#### Record extracts ####
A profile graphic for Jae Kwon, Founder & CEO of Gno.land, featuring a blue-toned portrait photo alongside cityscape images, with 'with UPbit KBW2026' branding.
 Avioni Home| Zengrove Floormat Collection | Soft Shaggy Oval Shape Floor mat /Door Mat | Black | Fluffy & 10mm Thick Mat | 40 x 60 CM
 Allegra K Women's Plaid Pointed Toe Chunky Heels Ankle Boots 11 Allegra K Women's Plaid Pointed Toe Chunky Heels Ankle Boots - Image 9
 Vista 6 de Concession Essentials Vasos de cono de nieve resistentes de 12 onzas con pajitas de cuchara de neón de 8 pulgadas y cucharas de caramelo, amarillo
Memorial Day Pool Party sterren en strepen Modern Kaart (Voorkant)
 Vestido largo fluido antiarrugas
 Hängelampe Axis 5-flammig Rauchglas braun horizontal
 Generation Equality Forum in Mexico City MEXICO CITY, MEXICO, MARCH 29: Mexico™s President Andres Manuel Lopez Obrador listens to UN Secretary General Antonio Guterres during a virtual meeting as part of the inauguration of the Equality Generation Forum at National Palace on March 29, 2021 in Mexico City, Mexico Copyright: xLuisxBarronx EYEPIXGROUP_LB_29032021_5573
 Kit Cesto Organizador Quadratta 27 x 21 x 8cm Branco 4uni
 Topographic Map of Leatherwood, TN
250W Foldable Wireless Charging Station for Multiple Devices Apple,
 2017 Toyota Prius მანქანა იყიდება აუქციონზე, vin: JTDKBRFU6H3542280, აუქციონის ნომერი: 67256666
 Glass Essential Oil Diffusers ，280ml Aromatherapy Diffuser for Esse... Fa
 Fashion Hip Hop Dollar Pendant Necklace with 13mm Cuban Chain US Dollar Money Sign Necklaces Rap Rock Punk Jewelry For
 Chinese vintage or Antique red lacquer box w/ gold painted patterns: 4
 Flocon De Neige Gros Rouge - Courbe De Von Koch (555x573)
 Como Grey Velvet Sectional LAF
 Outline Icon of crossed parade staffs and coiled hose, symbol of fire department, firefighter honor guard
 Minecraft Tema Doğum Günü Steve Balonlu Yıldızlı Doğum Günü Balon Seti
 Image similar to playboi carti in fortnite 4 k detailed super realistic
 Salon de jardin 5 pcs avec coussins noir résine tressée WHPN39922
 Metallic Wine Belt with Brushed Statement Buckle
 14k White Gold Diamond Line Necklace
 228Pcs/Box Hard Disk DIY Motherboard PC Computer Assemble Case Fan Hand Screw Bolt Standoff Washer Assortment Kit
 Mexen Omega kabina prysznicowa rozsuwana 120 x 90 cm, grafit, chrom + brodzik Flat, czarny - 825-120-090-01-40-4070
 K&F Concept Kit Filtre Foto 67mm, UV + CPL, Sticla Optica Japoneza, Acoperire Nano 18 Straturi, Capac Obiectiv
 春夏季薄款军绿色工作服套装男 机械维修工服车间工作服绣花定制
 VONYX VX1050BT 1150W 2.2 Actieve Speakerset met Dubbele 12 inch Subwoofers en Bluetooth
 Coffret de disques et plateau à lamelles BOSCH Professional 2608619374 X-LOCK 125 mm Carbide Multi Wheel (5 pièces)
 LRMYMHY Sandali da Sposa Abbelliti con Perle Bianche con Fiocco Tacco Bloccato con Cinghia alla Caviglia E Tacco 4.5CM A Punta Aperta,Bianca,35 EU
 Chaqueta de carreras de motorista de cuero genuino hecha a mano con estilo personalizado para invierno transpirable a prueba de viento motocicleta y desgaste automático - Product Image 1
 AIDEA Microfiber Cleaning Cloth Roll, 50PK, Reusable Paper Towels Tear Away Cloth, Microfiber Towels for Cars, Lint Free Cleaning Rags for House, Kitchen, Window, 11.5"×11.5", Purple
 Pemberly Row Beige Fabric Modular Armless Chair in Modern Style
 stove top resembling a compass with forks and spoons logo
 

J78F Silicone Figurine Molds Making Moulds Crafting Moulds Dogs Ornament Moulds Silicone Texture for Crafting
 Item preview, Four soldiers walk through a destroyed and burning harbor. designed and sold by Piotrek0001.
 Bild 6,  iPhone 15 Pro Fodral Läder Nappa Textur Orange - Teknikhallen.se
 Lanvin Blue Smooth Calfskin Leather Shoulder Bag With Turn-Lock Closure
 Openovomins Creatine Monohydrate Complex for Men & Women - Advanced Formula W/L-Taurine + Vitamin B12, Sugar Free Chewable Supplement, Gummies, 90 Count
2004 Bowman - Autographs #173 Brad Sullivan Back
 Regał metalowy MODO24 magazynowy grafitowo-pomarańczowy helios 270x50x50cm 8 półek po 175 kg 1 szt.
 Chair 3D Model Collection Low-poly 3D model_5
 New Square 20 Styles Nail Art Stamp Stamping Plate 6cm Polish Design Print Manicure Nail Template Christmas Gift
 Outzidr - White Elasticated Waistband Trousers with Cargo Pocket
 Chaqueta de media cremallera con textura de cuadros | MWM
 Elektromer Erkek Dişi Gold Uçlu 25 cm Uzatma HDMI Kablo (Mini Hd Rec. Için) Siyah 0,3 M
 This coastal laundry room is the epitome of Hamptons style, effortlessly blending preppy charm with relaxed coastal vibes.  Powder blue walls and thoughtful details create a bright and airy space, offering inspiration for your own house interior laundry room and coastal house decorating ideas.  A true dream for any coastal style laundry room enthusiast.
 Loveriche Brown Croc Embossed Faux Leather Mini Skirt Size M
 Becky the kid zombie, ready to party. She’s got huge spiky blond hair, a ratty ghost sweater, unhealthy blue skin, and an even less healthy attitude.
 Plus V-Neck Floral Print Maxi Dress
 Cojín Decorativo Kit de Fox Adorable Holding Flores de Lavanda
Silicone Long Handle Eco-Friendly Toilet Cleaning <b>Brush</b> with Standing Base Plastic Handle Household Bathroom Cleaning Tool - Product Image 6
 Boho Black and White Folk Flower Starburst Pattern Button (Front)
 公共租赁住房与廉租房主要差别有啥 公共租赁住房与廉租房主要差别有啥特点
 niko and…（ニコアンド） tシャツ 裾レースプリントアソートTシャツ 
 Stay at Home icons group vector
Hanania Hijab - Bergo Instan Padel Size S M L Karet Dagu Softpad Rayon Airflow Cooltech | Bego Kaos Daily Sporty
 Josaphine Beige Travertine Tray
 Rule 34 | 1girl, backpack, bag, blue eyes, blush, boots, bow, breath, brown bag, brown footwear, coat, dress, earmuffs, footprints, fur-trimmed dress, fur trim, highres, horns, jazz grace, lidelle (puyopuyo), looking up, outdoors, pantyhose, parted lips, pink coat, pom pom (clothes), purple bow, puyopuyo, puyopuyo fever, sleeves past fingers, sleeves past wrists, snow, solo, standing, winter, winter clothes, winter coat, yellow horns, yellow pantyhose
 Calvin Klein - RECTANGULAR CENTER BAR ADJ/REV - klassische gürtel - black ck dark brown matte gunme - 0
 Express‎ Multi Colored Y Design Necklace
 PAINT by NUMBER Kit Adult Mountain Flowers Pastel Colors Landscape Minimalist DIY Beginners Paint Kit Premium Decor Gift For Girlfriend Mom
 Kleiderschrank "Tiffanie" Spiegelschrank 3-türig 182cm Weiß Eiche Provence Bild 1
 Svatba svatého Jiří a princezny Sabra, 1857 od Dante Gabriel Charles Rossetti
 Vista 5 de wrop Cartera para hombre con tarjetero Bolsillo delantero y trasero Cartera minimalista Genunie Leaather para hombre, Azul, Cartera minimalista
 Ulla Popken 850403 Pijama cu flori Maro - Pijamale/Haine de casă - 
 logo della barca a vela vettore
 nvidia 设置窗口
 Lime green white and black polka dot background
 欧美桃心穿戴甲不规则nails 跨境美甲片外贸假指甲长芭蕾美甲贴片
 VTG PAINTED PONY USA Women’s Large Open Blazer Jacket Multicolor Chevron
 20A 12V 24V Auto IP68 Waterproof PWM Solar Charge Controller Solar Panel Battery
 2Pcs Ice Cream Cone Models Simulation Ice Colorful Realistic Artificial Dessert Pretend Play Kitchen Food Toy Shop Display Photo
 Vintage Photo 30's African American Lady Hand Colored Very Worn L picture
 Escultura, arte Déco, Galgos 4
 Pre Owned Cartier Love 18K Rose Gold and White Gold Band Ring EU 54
####
:: Directions ::
Your task for the entries above: copy exactly the span starting with the line with "Vista 6 de Concession" and going on through the line with "Como Grey Velvet Sectional LAF", both lines included, and nothing else.

:: Solved problem ::
 Vista 6 de Concession Essentials Vasos de cono de nieve resistentes de 12 onzas con pajitas de cuchara de neón de 8 pulgadas y cucharas de caramelo, amarillo
Memorial Day Pool Party sterren en strepen Modern Kaart (Voorkant)
 Vestido largo fluido antiarrugas
 Hängelampe Axis 5-flammig Rauchglas braun horizontal
 Generation Equality Forum in Mexico City MEXICO CITY, MEXICO, MARCH 29: Mexico™s President Andres Manuel Lopez Obrador listens to UN Secretary General Antonio Guterres during a virtual meeting as part of the inauguration of the Equality Generation Forum at National Palace on March 29, 2021 in Mexico City, Mexico Copyright: xLuisxBarronx EYEPIXGROUP_LB_29032021_5573
 Kit Cesto Organizador Quadratta 27 x 21 x 8cm Branco 4uni
 Topographic Map of Leatherwood, TN
250W Foldable Wireless Charging Station for Multiple Devices Apple,
 2017 Toyota Prius მანქანა იყიდება აუქციონზე, vin: JTDKBRFU6H3542280, აუქციონის ნომერი: 67256666
 Glass Essential Oil Diffusers ，280ml Aromatherapy Diffuser for Esse... Fa
 Fashion Hip Hop Dollar Pendant Necklace with 13mm Cuban Chain US Dollar Money Sign Necklaces Rap Rock Punk Jewelry For
 Chinese vintage or Antique red lacquer box w/ gold painted patterns: 4
 Flocon De Neige Gros Rouge - Courbe De Von Koch (555x573)
 Como Grey Velvet Sectional LAF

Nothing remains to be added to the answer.